Ci sono alcuni elementi di carattere etico che possono configurare una morale di base con fondamenta simili tra le pur varie tradizioni esistenti. Bisogna cercare di andare al di là degli specifici termini presenti nei diversi gruppi linguistici, a cui si danno varie diverse sfumature di significato, ma che se non ci si ferma ad una esegesi sulla pura forma letterale, l'esistenza di determinati vocaboli o forme verbali ci svela la presenza in tutte le culture e civiltà di un anelito verso ciò che è bene, che è buono, e che è giusto, che nei suoi contenuti presenta molti aspetti di similitudine (tra i molteplici si potrebbero citare per es. i tre antichi comandamenti incaici andini: Onore, Lavoro, Verità, ovvero in modo esteso: non
sottrarre le cose, non astenerti dal dare il tuo contributo, non occultare la
verità).
Certo a rigore nessun lemma di una lingua è strettamente e facilmente traducibile e sovrapponibile e combaciante con quello di un'altra, ma già solo il fatto di prenderne reciproca conoscenza, è una ricchezza culturale, apporta un arricchimento del nostro "bagaglio" culturale, mentale e spirituale.

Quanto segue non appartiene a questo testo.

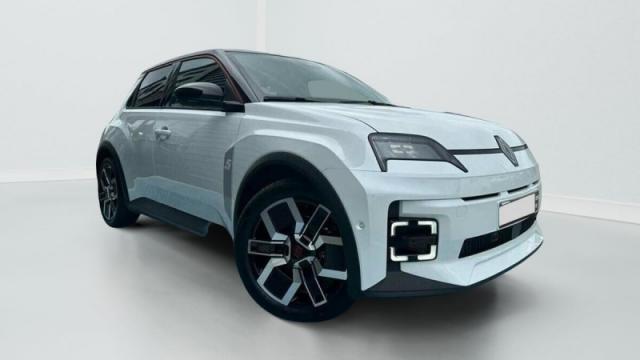 Renault R 5 image 8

Le culture sono sempre evolute e vissute grazie a contatti, influenze, e scambi reciproci. Spesso le identità culturali sono venute costruendo delle maschere che ci caratterizzano ma che ci coprono, e non si riesce a riconoscere la somiglianza dei volti e delle espressioni perché celate da quella facciata. Bisogna guardarci in faccia a volto scoperto, per capire che siamo parenti, e che l'osservare e cercare di capire il nostro prossimo, è un guardarci grazie a lui nello specchio e riconoscere così in modo più reale e profondo noi stessi (cfr. a questo proposito il mio libro "Le maschere e gli specchi", F.Angeli editore, su singolarità e comunanze nell'ambito della formazione dell'identità delle persone).
Occorre viaggiare per assaporare e godere della biodiversità e della ricca varietà di culture, ma anche per constatare come in molte situazioni l'Umano si riveli essere sempre quello a tutte le latitudini e climi. Un antico adagio suonava: "tutto il mondo è paese", non è proprio del tutto così, e ovviamente tutto dipende dal nostro atteggiamento verso la comprensione degli altri paesi…, ma tuttavia anche quell'adagio per certi versi comprendeva in sé alcune verità parziali.
La relazione dialettica tra simile e dissimile è complessa e non sempre facile da districare e anche da affrontare. Ma l'orizzonte deve essere visto come il lontano punto di convergenza delle linee parallele che ci accompagnano e ci stanno al fianco (come accade nel disegno prospettico).
L'obiettivo mira a quel punto focale se sappiamo essere più obbiettivi nel guardarci attorno senza preconcetti e pregiudizi.
Se c'è possibilità di intendersi ciò significa che è vero che c'è comunque una sola "razza umana" (oggi si preferisce esprimersi in termini di "specie umana" o di "genere umano") alla base delle svariate società e culture che essa ha prodotto e che la compongono.